Single by Placebo

from the album Once More with Feeling: Singles 1996–2004
- Released: 8 April 2004
- Recorded: Early 2003
- Genre: Alternative rock
- Length: 3:17
- Label: Virgin
- Songwriter: Placebo
- Producer: Jim Abbiss

Placebo singles chronology
| "English Summer Rain" (2004) | "Protège-moi" (2004) | "Twenty Years" (2004) |

= Protège-moi =

"Protège-moi" is a single by English alternative rock band Placebo, which was released in France only, on 8 April 2004. It was featured on their 2004 greatest hits album Once More with Feeling: Singles 1996–2004.

== Content ==

The song is a French language version of "Protect Me from What I Want" from their fourth album, Sleeping with Ghosts.

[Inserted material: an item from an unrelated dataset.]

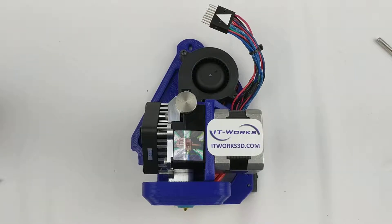Hi, it's Jamie with ItWorks 3D, doing a quick teardown of one of our E3D Titan Arrow tool heads to show you how to remove clogs, replace hob bolts, idlers, and filament tubes.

The chorus remains in English, although the French title is sung in the background. It has been translated to French by Virginie Despentes.

==Music video==

The original music video for "Protège-moi", directed by Gaspar Noé, was never officially released as it was too sexually explicit to be shown, featuring uncensored nudity, heavy petting, fellatio, and cunnilingus. The video eventually put out for the song is an extract from the Soulmates Never Die (Live in Paris 2003) DVD.